Da ich selber rauche reinige ich meinen TFT mit Zewatüchern und einer Mischung aus milderen Haushaltsreiniger, der Kunststoff-Oberflächen nicht angreift und einem kräftigen Schuß 
Isopropanol (Isopropyl-Alkohol, 70%er reicht) aus dem/der Baumarkt/Apotheke. 
Damit entferne ich die Belagschicht und wienere zum Schluß noch mit Mikrofasertüchern und dieser Lösung/Mischung nach.  
- Greetz -


----------



## RainbowCrash (28. Mai 2012)

*AW: Raucher-LCD säubern bzw von Gelbstich befreien?*

Über Isopropanol hab ich auch schon nachgedacht, mal schauen ob ich morgen dazukomme das Teil zu säubern.
Schonmal n fettes Danke für die ganzen Tipps.


----------



## Dr Bakterius (28. Mai 2012)

*AW: Raucher-LCD säubern bzw von Gelbstich befreien?*

Naja Reinweiß sind die seltensten PC Teile, eher leicht Beige oder Lichtgrau. Kunststoffe neigen eh zum vergilben mit der Zeit wobei Nikotin kräftig mithilft


----------



## fisch@namenssuche (28. Mai 2012)

*AW: Raucher-LCD säubern bzw von Gelbstich befreien?*

Nix zu starkes, evtl. erst an einer kleinen Ecke ausprobieren, wie sehr der Kunsttoff oder die Oberfläche angegriffen wird.
Totaler Kunststoffkiller: Nagellackentferner - gibt böse Schlieren .


----------



## NCphalon (29. Mai 2012)

*AW: Raucher-LCD säubern bzw von Gelbstich befreien?*



Dr Bakterius schrieb:


> Naja Reinweiß sind die seltensten PC Teile, eher leicht Beige oder Lichtgrau. Kunststoffe neigen eh zum vergilben mit der Zeit wobei Nikotin kräftig mithilft


 
Vom Panel sollte man das aber schon erwarten dürfen

==================================

Wie siehts mit den Farbprofilen unter Windows aus? Wegen irgendeinem komischen Farbprofil hatte mein 940BW auch einen Gelbstich, jetz wo ichs deaktiviert hab is er in Ordnung.


----------



## RainbowCrash (29. Mai 2012)

*AW: Raucher-LCD säubern bzw von Gelbstich befreien?*

Bin jetzt mal mit ner Mischung aus Pril und Wasser drüber gegangen und hab die Farb und Helligkeitseinstellungen nochmal neu kalibriert.
Der Gelbstich ist schon geringer geworden, ich schau mal das ich Isopropanol auftreib ich sollte irgendwo noch ne Flasche rumstehen haben.
Der Unterschied ist auch nicht mehr so extrem, mir ist aufgefallen das mein anderer Bildschirm bei der Farbtemperatur auf Cool war.
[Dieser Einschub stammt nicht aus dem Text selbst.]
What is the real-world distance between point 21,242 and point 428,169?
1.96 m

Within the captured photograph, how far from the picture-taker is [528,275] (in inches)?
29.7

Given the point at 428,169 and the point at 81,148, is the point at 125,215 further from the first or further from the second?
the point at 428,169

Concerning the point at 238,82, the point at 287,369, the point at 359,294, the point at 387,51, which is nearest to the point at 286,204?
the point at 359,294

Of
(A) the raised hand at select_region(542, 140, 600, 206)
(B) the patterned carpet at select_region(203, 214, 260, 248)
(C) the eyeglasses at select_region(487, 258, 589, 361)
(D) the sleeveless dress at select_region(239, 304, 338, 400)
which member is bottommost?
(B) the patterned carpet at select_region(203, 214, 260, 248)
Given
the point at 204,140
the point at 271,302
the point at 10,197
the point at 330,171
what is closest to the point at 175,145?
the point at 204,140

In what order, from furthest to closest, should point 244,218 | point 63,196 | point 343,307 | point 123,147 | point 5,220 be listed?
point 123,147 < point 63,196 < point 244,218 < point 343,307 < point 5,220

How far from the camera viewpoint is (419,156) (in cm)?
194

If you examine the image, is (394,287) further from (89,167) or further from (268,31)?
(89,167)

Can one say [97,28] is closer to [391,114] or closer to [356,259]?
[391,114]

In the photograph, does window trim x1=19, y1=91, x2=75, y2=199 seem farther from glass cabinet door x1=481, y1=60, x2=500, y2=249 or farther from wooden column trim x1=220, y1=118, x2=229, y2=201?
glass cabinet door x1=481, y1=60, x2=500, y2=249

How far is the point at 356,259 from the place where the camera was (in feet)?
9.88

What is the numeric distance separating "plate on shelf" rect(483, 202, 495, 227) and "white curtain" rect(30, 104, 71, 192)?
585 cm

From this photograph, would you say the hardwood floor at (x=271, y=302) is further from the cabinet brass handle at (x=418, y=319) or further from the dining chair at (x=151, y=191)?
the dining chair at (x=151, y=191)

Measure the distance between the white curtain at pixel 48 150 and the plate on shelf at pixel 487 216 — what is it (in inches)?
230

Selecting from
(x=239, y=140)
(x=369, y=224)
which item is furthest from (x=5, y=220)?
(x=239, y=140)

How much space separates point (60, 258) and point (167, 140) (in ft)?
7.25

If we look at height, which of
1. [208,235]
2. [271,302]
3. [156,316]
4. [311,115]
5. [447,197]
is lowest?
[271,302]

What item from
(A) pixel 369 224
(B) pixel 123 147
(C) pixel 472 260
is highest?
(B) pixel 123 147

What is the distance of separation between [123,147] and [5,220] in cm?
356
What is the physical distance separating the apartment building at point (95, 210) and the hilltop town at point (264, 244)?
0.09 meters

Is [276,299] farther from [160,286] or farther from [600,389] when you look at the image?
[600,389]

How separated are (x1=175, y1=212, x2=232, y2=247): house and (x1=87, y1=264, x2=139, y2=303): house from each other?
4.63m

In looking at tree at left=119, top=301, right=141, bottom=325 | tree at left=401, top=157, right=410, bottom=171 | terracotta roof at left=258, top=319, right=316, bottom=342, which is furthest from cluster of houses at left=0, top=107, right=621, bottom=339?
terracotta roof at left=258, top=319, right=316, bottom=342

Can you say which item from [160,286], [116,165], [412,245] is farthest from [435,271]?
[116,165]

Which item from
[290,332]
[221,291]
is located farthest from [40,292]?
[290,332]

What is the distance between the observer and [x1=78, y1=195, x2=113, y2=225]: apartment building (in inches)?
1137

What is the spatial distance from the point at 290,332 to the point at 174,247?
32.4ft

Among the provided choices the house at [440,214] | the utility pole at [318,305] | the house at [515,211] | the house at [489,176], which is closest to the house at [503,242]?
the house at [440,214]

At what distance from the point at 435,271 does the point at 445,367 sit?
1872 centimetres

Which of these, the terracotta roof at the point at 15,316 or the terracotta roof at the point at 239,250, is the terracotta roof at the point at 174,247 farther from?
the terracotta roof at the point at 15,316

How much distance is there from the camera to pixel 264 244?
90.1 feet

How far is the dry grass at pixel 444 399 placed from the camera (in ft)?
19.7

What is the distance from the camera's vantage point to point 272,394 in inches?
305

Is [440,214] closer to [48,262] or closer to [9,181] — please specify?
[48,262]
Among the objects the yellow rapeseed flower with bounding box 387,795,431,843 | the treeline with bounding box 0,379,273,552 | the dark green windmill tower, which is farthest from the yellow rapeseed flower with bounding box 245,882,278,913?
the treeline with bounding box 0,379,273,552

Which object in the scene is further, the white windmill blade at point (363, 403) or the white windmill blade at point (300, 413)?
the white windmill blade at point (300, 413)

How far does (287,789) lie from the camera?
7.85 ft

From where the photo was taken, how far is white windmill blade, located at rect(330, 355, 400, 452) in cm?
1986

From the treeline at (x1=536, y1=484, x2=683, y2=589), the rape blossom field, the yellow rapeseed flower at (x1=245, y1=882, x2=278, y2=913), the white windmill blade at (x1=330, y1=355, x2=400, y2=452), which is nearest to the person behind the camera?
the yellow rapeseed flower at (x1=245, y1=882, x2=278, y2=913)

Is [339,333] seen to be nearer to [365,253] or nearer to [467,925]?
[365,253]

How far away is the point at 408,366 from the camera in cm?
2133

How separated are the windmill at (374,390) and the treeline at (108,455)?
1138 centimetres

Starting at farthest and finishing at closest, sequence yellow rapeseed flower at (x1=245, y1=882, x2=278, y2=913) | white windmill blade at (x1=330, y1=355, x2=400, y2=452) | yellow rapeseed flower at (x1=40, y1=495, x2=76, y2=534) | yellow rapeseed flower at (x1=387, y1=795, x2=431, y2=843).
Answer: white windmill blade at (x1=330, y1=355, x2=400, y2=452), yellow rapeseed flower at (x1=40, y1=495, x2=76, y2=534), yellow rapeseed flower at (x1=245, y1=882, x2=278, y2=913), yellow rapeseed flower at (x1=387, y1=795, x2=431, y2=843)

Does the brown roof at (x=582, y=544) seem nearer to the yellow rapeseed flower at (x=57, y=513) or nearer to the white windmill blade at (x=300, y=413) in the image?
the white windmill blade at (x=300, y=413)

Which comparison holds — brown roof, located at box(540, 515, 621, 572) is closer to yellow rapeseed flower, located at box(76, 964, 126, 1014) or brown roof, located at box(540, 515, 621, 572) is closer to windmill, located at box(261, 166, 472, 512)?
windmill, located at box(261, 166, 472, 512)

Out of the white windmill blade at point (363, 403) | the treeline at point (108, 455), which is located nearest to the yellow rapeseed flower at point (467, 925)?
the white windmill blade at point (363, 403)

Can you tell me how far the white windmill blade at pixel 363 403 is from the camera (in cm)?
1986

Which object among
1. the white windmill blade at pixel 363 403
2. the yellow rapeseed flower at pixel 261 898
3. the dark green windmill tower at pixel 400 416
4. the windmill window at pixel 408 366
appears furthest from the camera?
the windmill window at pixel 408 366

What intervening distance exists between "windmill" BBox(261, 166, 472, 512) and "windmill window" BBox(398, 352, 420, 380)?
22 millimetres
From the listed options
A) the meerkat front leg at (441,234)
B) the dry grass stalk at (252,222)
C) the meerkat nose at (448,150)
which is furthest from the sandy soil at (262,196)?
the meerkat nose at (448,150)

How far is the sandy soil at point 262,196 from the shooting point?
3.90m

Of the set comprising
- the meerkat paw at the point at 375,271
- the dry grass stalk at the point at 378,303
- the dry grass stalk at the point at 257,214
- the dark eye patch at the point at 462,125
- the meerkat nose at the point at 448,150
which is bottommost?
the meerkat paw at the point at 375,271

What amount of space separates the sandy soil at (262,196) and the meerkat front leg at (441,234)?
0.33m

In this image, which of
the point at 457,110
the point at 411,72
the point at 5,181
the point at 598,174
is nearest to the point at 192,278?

Hab jetzt noch mal Isopropanol mit rein gekippt und bin noch n paar mal drüber gegangen.
Ist mittlerweile wirklich um einiges besser geworden. Vor allem bei schwarz fällts aber immer noch stark auf.
In dem Farbprofilmenü war ich gestern schonmal, ich find´s nur irgendwie nicht mehr


----------